By Yoav Stern and Aluf Benn
Ha'aretzMay 11, 2005
The United States and UN are looking into the possibility that an international force would replace Israel in the Shaba Farms area in exchange for Hezbollah's disarming and becoming a political party.
Meanwhile, the UN has rejected a Lebanese government appeal asking to show the UN documents and other evidence to prove Shaba is Lebanese. The outgoing Middle East UN envoy Terje Larsen met a few days ago with Lebanese government officials in New York and told them that recognition of the Shaba Farms area as Lebanese would require a new border agreement between Lebanon and Syria, ratified in both parliaments, and then registering the new border lines with the UN.
Lebanon's claim that Shaba is Lebanese forms the foundation for its insistence that Hezbollah is not a foreign armed force on its soil, but rather a national liberation movement legitimately trying to liberate Lebanese territory from foreign occupation.
When Israel withdrew from Lebanon in 2000, the UN accepted Israel's claim that Shaba is Syrian, essentially part of the Golan Heights, and declared that it had fully implemented UN resolutions demanding its withdrawal from Lebanon. Indeed, Larsen pointed out to the Lebanese officials that when he appeared at a press conference in Damascus with Syrian Foreign Minister Farouk Shara and said that Shaba is part of Syria, Shara did not contradict him.
Arab sources in Israel say the Americans and the UN are looking into the possibility of an Israeli withdrawal from Shaba, with the area becoming demilitarized or a UN force moving in. The Lebanese border would remain unaltered, while the Israeli border would go through the Golan beyond the Shaba area.
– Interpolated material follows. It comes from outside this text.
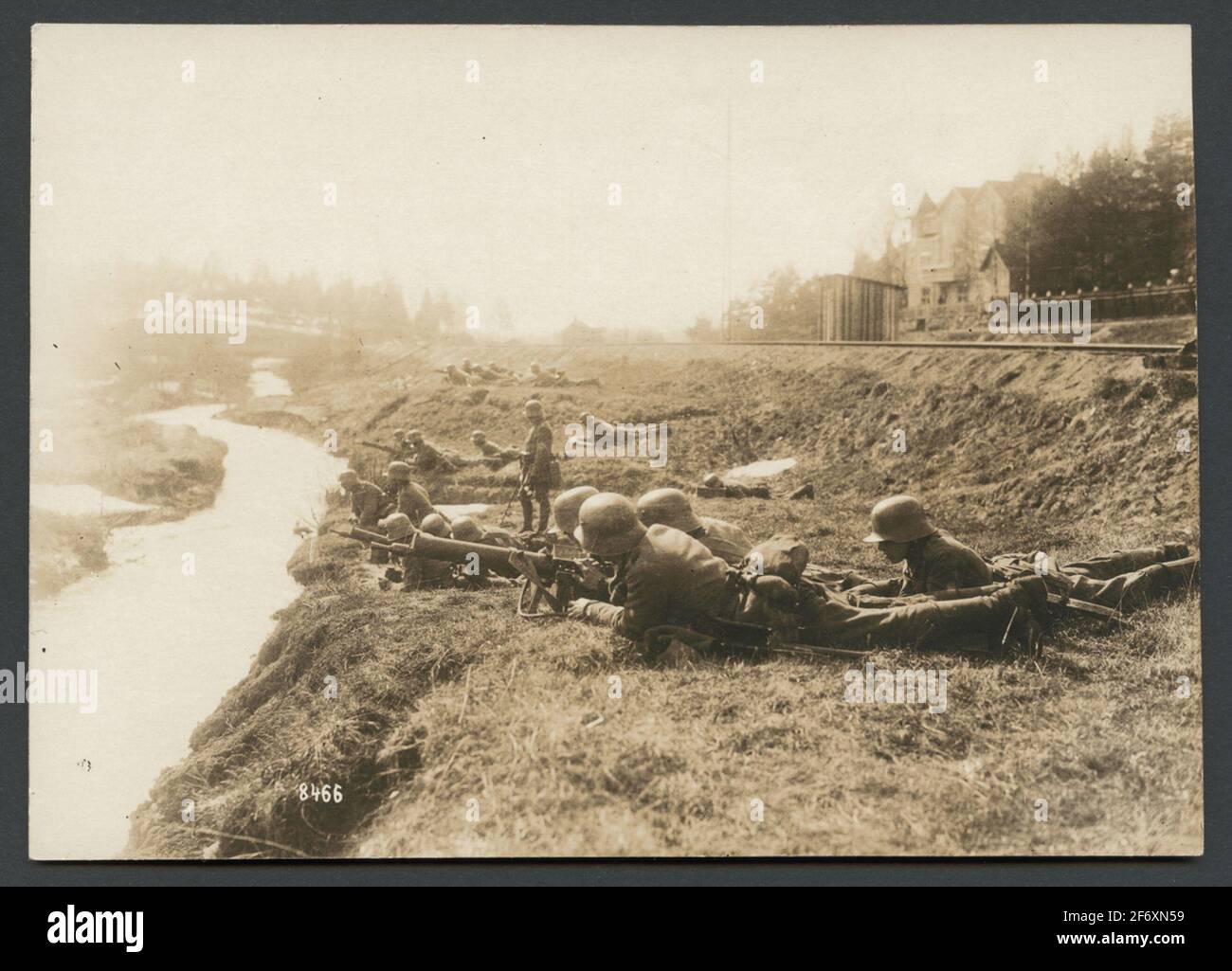 Das Bild zeigt eine Gruppe von Soldaten mit Maschinengewehren, die auf dem Boden zwischen einer Eisenbahnschiene und einem kleinen liegen. Die Soldaten sind mit einer Maschine mg 08/15 ausgestattet.EIN Mann steht aufrecht in der Mitte und viele Soldaten schauen ihn an.die Szenerie scheint recht entspannt zu sein für einen andauernden Kampf, den der Originaltext besagt.Originaltext: "Deutsche Schusswaffe im Kampf mit Rotgardisten bei der Eisenbahn Hanko healthfors."das Bild zeigt eine Gruppe von Soldaten mit Maschinengewehren, die auf dem Boden zwischen einer Eisenbahnschiene und einem kleinen liegen. Die Soldaten sind mit der Maschine mg 08/15 ausgestattet.EIN Mann steht auf Stockfoto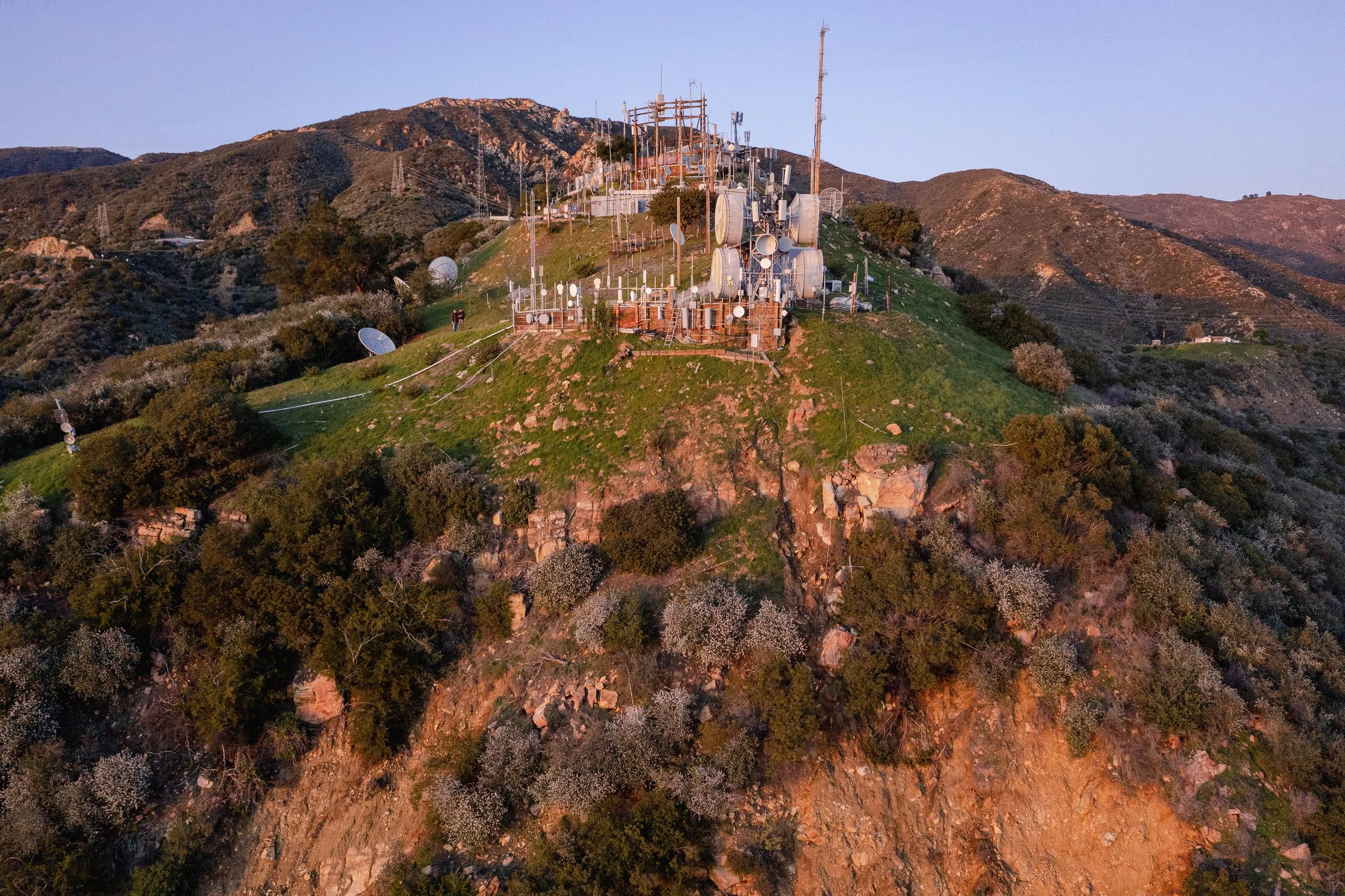 A hilltop area with numerous communication towers and antennas, surrounded by trees and shrubs, with mountains in the background.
Gen. Michel Aoun and Walid Jumblatt, Lebanon's two main opposition leaders, have made it clear to foreign diplomats that they would find it difficult to promote an arrangement involving a disarmament of Hezbollah, or even an understanding with Israel, as long as Shaba is occupied. Aoun, who met recently with Likud MK Ayoub Kara in Paris, returned to Lebanon last week, and his party is expected to win a substantial number of seats in the upcoming Lebanese elections.